[Short text fragments from websites]
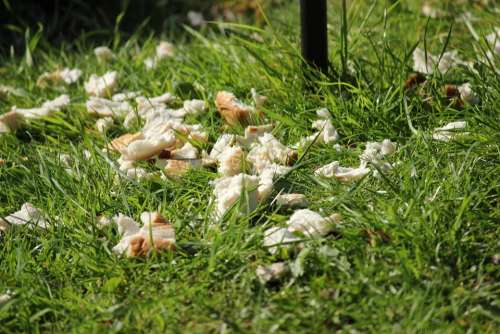 Bread Grass Garden Birds Feed Feeding Lawn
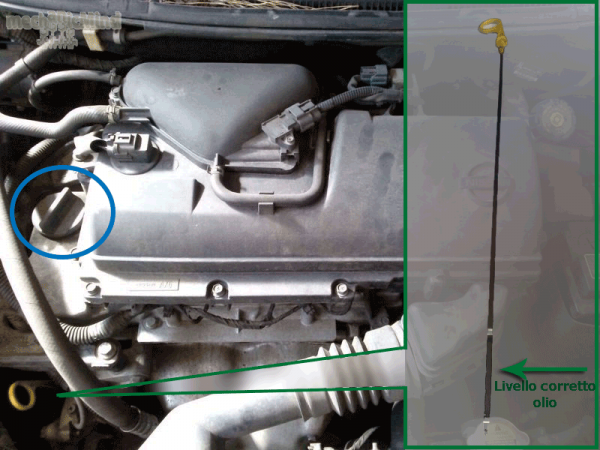 Figura 5: E' cerchiato in blue il tappo da togliere per rabboccare l'olio mentre in verde è riportata la stecca per il controllo del livello
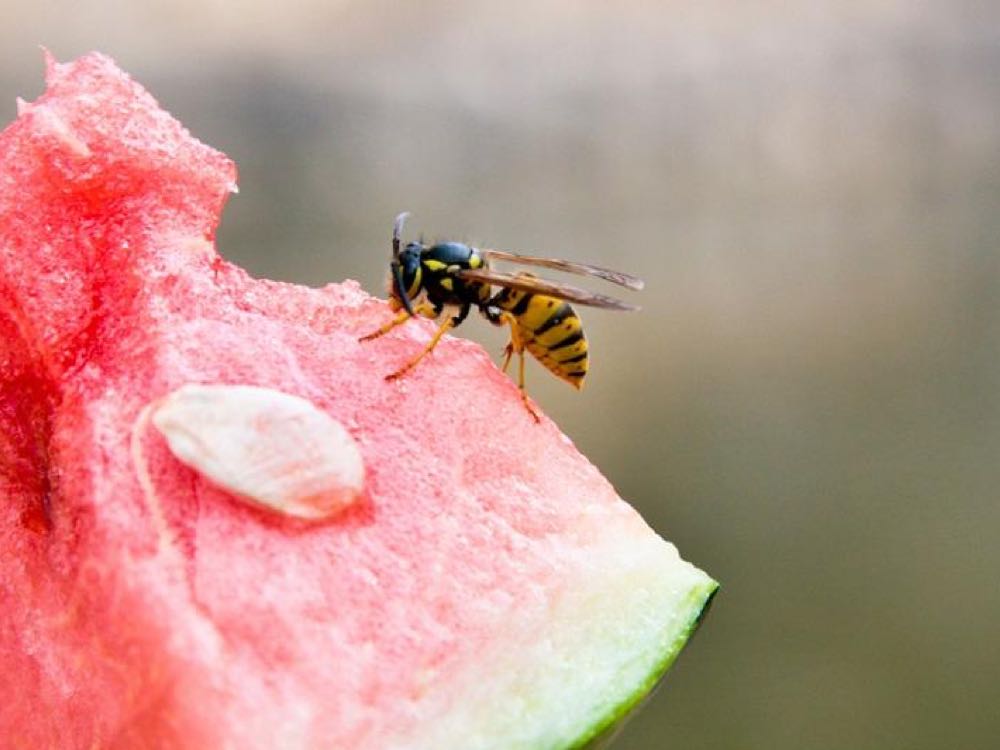Darstellung von einem Insekt auf einer Wassermelone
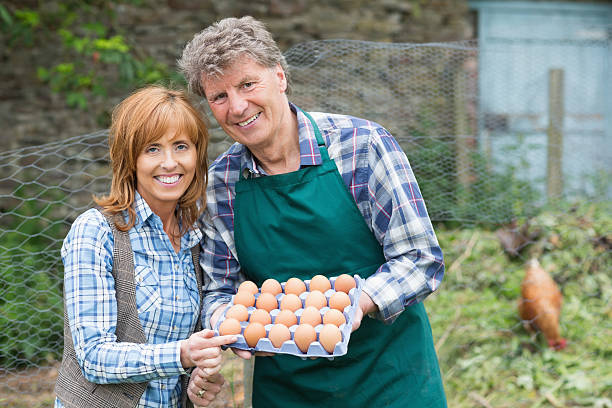 istock Happy mature couple holding eggs 462681105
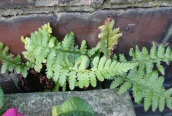 Male Fern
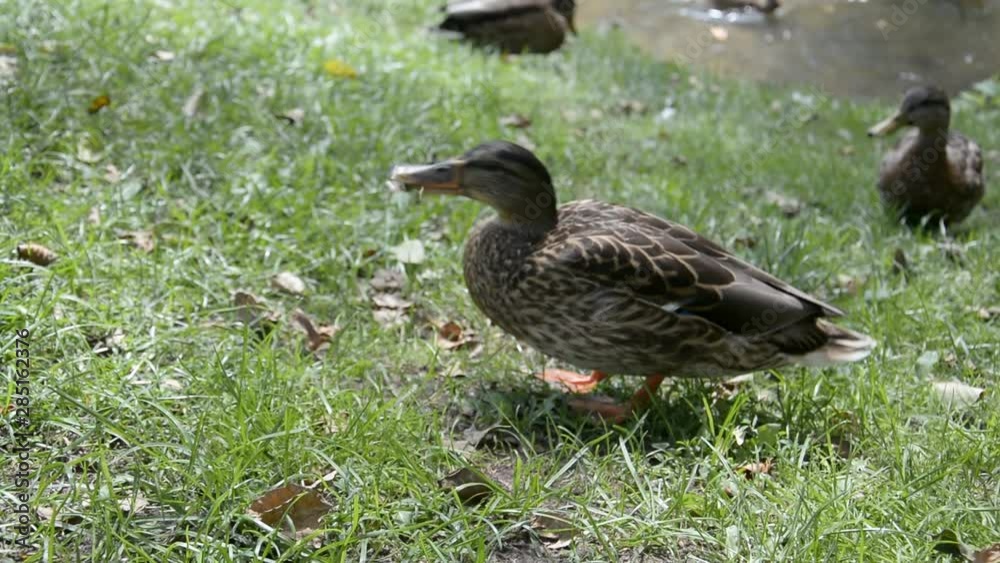 city pond with ducks city pond with ducks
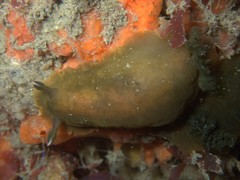 Dendrodoris fumata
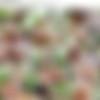 [TSplayground.com / EvilAngel.com] Bruna Castro & Max Scar (24.03.2013) [Shemale, All sex, Anal] thumb
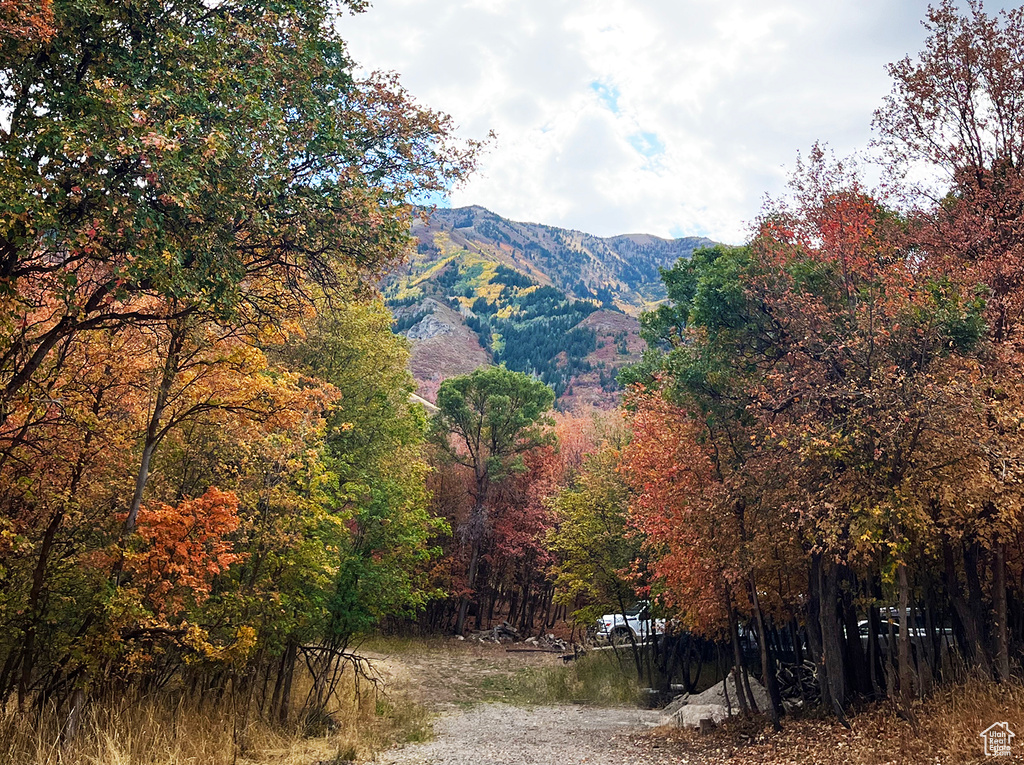 Property view of mountains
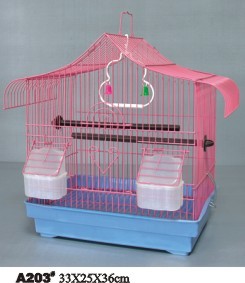 Birds Cages
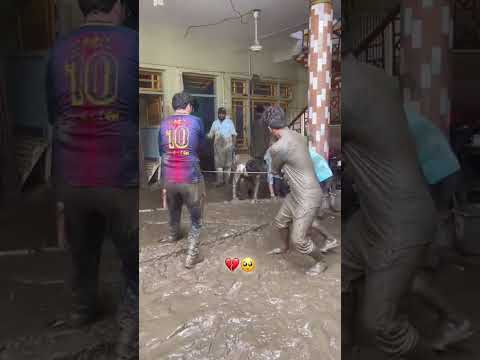 Safaii ๐ญ๐ฅฒ after #flood #shorts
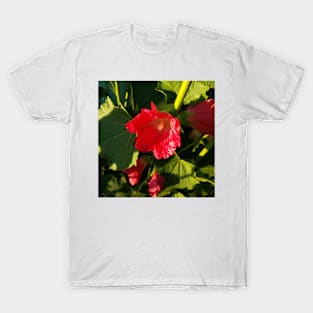 Red hollyhocks in sunshine T-Shirt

**YOUR INSTRUCTIONS:** Which lines run from the one that holds "city pond with ducks city pond with ducks" to the final line of the records above? Return them exactly, and skip the pictures.

**YOUR RESPONSE:**
 city pond with ducks city pond with ducks
 Dendrodoris fumata
 [TSplayground.com / EvilAngel.com] Bruna Castro & Max Scar (24.03.2013) [Shemale, All sex, Anal] thumb
 Property view of mountains
 Birds Cages
 Safaii ๐ญ๐ฅฒ after #flood #shorts
 Red hollyhocks in sunshine T-Shirt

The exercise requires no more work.